Problem to work on:
In the records below, find the line that contains "Spa Gonflable Tout-en-Un, Baignoire" and the line that contains "Divano centrale per"; write out exactly those two lines and everything between them, without the pictures.

Source records:

>>>

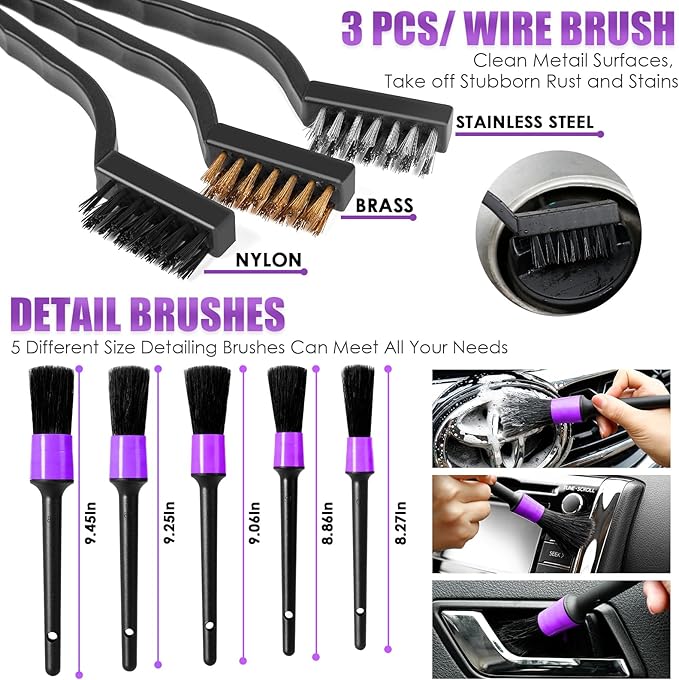 Viewsun 17PCS Car Cleaning Kit, Purple Car Interior Detailing Kit with High Power Handheld Vacuum, Detailing Brush Set, Winds
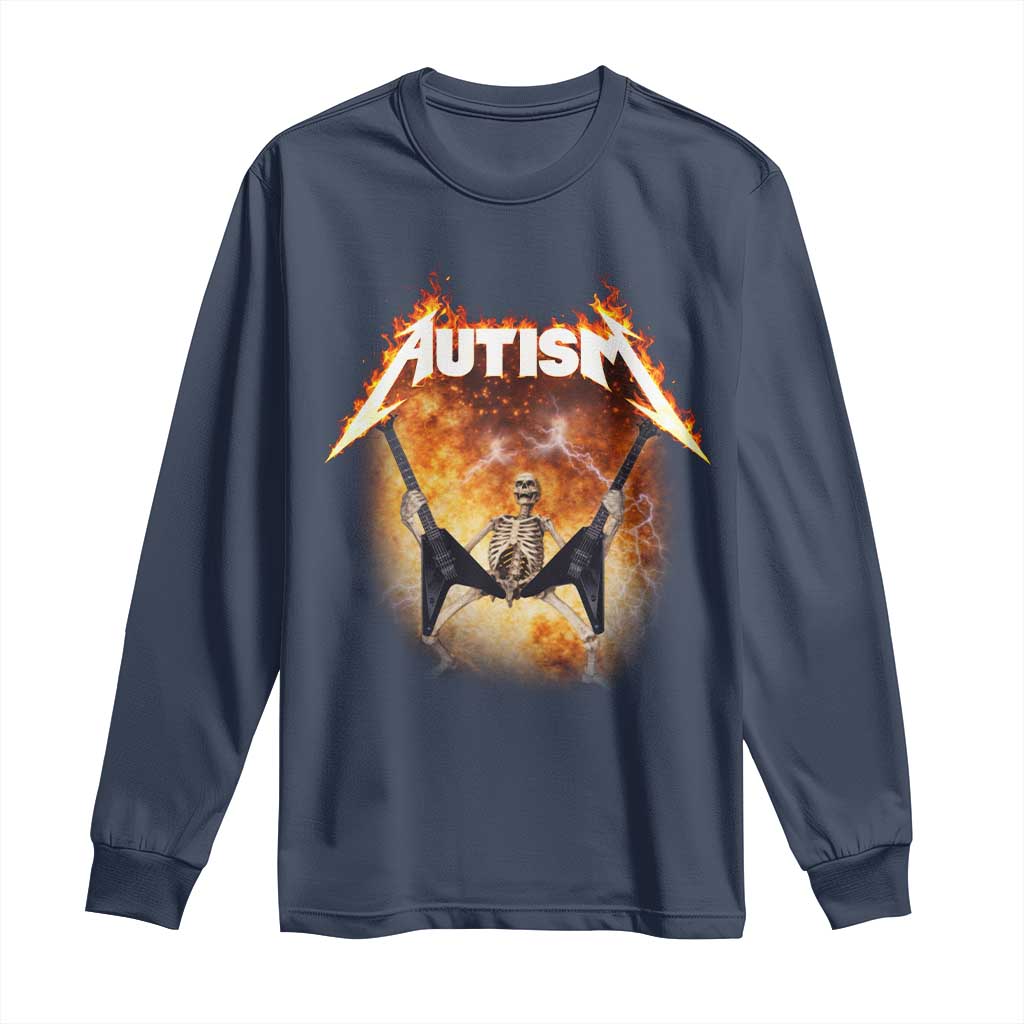Autism Skeleton Rocker Long Sleeve Shirt Hardcore Rock Style Artwork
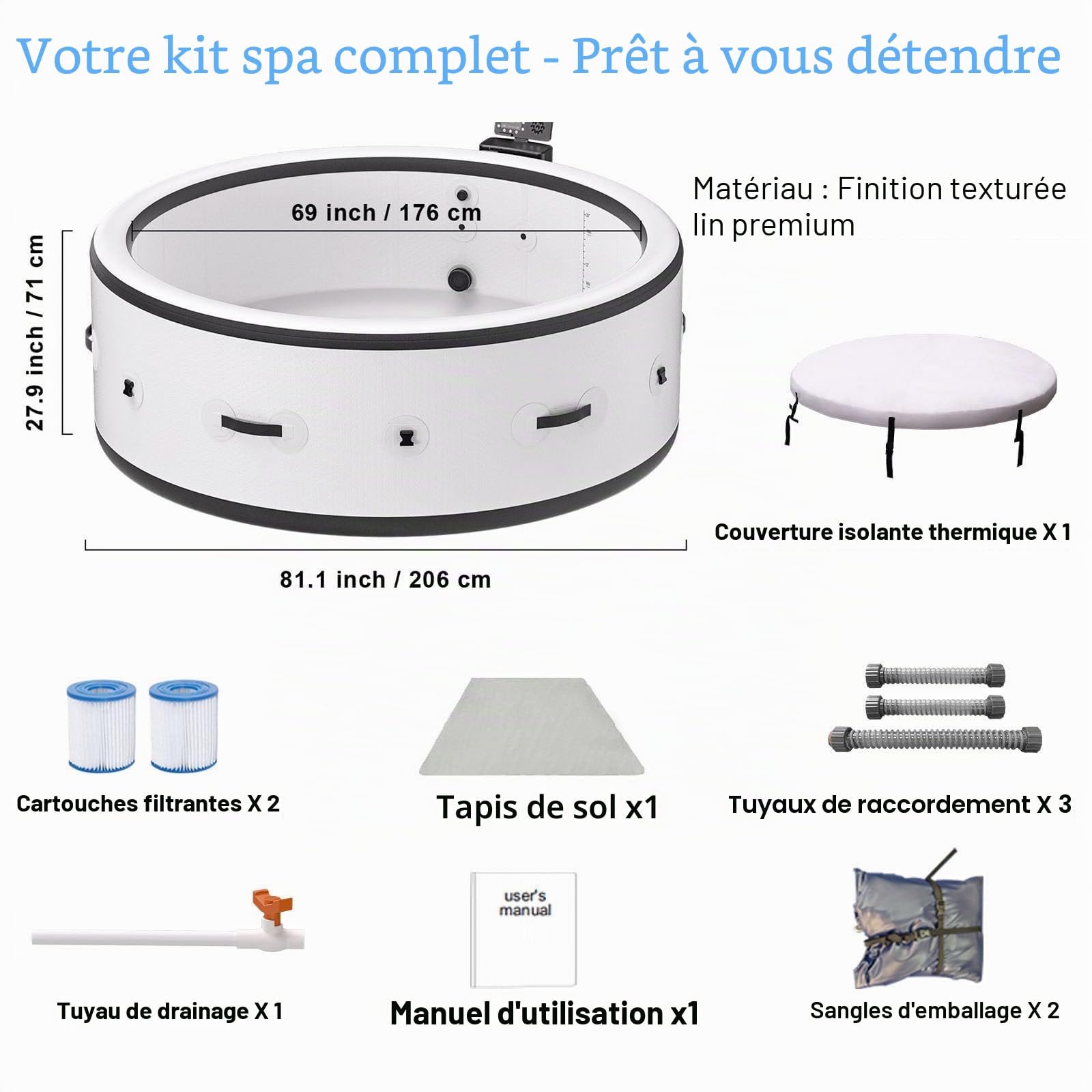 Spa Gonflable Tout-en-Un, Baignoire à Remous pour 4-6 Personnes avec Chauffage Économique et Jets à Bulles, Oasis Ultime pour Jardin, Incluant Couverture Isotherme et Éclairage LED L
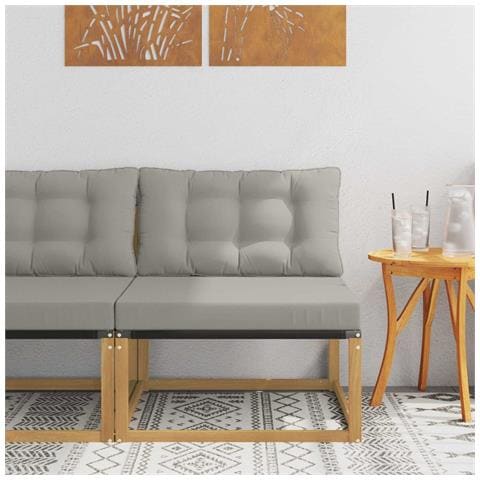 Divano centrale per esterno Bianco 79 x 83 x 73 cm acciaio - Foto 2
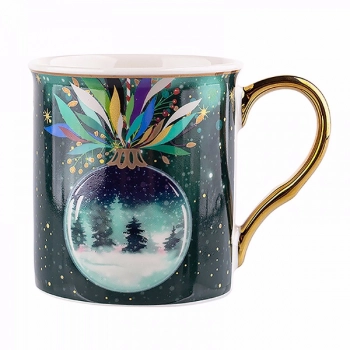 Ogłoszenie - MYSTERY kubek do kawy i herbaty porcelanowy ze złotym uchem na święta Boże Narodzenie 300 ml DEK. BOMBKA - 22,90 zł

<<<

Solution for this task:
 Spa Gonflable Tout-en-Un, Baignoire à Remous pour 4-6 Personnes avec Chauffage Économique et Jets à Bulles, Oasis Ultime pour Jardin, Incluant Couverture Isotherme et Éclairage LED L
 Divano centrale per esterno Bianco 79 x 83 x 73 cm acciaio - Foto 2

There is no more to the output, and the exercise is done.